Your assignment -> Quote the records below word for word, please, from the very first line through the one that contains "Szép gyönyörű éjszakai", and nothing beyond it.

[Opening Information provided section]

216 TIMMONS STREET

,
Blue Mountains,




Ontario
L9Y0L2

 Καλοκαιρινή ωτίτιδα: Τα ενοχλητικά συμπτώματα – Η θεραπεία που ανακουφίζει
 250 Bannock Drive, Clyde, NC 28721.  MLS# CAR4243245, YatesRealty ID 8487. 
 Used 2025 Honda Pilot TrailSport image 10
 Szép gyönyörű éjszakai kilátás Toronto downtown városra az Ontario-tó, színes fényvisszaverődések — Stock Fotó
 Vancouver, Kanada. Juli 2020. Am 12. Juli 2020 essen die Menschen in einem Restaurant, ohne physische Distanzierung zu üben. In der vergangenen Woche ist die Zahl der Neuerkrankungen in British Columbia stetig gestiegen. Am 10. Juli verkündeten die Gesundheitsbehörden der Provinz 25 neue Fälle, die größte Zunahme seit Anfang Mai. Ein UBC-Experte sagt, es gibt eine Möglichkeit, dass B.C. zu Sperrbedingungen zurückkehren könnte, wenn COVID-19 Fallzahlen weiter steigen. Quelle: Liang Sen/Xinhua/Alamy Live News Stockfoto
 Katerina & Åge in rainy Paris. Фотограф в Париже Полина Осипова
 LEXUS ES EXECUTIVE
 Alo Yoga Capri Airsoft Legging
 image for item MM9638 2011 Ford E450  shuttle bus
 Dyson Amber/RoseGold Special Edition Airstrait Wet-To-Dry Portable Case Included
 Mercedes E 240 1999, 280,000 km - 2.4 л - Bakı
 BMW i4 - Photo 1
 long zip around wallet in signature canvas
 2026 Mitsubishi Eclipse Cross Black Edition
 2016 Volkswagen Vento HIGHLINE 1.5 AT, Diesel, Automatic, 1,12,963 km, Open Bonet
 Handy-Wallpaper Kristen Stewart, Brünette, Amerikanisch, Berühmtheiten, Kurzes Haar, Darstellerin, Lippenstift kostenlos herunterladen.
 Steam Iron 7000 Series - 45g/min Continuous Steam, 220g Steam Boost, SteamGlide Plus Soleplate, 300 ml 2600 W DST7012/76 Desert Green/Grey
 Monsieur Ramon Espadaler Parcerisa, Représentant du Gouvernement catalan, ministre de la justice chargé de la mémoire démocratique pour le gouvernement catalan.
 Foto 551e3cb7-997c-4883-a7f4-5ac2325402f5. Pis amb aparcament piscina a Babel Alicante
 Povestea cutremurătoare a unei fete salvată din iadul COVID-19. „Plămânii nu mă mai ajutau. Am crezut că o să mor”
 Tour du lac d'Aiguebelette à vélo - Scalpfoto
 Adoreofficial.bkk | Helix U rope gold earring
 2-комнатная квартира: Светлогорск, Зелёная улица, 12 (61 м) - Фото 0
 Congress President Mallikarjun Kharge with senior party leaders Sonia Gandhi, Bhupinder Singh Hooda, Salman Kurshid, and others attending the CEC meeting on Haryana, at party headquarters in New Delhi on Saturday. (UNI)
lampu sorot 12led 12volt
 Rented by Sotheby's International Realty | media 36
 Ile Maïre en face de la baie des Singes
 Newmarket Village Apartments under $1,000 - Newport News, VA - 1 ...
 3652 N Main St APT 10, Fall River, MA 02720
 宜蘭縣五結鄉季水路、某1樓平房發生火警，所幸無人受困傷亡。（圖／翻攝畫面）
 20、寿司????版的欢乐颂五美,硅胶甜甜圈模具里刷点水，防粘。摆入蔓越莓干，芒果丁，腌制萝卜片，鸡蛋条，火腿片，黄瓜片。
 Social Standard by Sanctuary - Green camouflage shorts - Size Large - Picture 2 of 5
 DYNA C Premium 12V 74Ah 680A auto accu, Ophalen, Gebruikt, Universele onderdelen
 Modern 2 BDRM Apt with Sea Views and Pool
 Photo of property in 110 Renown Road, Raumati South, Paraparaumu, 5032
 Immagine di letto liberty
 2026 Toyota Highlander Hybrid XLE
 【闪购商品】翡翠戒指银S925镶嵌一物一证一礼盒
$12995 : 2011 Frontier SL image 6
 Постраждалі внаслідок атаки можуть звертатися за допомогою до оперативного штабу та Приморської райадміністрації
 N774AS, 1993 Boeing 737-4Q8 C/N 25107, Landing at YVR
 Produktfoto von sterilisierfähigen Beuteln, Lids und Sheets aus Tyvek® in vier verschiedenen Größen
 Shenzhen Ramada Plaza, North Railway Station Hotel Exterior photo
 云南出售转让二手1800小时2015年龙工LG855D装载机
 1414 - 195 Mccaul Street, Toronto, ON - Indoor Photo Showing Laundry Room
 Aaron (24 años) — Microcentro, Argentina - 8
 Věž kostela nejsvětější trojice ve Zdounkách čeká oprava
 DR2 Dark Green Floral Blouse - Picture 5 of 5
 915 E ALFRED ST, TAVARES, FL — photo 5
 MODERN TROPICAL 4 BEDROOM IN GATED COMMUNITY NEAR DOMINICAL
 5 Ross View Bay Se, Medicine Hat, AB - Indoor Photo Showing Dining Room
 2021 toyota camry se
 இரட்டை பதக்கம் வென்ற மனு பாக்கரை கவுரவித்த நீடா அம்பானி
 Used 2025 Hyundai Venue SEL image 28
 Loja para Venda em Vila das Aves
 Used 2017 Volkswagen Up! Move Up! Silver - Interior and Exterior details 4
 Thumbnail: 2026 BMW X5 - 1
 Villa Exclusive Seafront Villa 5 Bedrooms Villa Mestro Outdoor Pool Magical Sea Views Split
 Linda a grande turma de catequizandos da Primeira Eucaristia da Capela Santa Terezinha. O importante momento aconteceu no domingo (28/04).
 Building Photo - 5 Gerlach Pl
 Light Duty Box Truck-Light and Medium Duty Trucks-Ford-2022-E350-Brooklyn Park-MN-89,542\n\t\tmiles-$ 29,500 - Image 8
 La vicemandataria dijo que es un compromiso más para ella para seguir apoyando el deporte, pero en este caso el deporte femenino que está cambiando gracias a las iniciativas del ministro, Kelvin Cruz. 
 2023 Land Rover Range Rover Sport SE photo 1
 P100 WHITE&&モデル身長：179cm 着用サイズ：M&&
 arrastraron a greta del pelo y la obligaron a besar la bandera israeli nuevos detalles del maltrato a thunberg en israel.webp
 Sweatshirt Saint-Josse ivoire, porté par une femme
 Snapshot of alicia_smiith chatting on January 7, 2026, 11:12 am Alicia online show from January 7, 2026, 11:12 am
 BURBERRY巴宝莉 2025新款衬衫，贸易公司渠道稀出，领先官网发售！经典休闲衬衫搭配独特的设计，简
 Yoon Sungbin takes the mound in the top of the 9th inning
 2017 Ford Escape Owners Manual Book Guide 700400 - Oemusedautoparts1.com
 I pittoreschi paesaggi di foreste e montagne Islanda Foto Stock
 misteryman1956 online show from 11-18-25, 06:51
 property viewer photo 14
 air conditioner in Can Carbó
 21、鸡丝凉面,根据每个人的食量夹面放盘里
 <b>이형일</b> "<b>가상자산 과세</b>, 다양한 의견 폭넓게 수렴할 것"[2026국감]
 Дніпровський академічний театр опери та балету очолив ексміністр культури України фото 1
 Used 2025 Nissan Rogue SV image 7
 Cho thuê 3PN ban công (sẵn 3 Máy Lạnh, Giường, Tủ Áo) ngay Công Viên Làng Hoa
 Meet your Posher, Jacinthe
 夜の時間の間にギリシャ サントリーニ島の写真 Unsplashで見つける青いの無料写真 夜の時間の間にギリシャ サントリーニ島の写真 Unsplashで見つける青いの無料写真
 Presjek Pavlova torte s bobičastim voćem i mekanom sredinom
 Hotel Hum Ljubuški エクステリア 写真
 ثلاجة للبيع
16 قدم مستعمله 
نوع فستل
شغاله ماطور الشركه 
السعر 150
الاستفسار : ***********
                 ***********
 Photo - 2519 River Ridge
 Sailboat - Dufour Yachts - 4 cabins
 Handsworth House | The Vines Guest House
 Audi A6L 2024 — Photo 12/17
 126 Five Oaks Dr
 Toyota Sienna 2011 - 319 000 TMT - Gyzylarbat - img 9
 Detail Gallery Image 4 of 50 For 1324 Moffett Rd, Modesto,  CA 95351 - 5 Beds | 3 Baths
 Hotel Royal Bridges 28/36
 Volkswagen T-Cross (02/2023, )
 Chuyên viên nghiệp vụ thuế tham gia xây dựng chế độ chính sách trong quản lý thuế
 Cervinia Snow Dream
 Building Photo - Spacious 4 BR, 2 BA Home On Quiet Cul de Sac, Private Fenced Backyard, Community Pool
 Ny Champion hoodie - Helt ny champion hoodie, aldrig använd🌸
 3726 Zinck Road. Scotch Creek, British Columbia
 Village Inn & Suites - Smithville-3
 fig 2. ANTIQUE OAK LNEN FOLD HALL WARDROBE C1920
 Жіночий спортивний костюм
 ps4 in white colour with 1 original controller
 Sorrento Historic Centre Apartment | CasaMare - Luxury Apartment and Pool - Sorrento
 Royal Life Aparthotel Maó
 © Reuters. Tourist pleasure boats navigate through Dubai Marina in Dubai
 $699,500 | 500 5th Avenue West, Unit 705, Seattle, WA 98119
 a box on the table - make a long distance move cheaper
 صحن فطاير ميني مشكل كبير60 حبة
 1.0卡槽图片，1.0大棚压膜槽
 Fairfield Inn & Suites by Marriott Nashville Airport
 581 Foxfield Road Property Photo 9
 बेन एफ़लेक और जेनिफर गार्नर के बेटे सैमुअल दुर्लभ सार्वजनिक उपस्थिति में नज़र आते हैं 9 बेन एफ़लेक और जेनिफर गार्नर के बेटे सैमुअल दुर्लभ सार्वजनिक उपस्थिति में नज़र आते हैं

[Closing Information provided section]

Answer box ->
216 TIMMONS STREET

,
Blue Mountains,




Ontario
L9Y0L2

 Καλοκαιρινή ωτίτιδα: Τα ενοχλητικά συμπτώματα – Η θεραπεία που ανακουφίζει
 250 Bannock Drive, Clyde, NC 28721.  MLS# CAR4243245, YatesRealty ID 8487. 
 Used 2025 Honda Pilot TrailSport image 10
 Szép gyönyörű éjszakai kilátás Toronto downtown városra az Ontario-tó, színes fényvisszaverődések — Stock Fotó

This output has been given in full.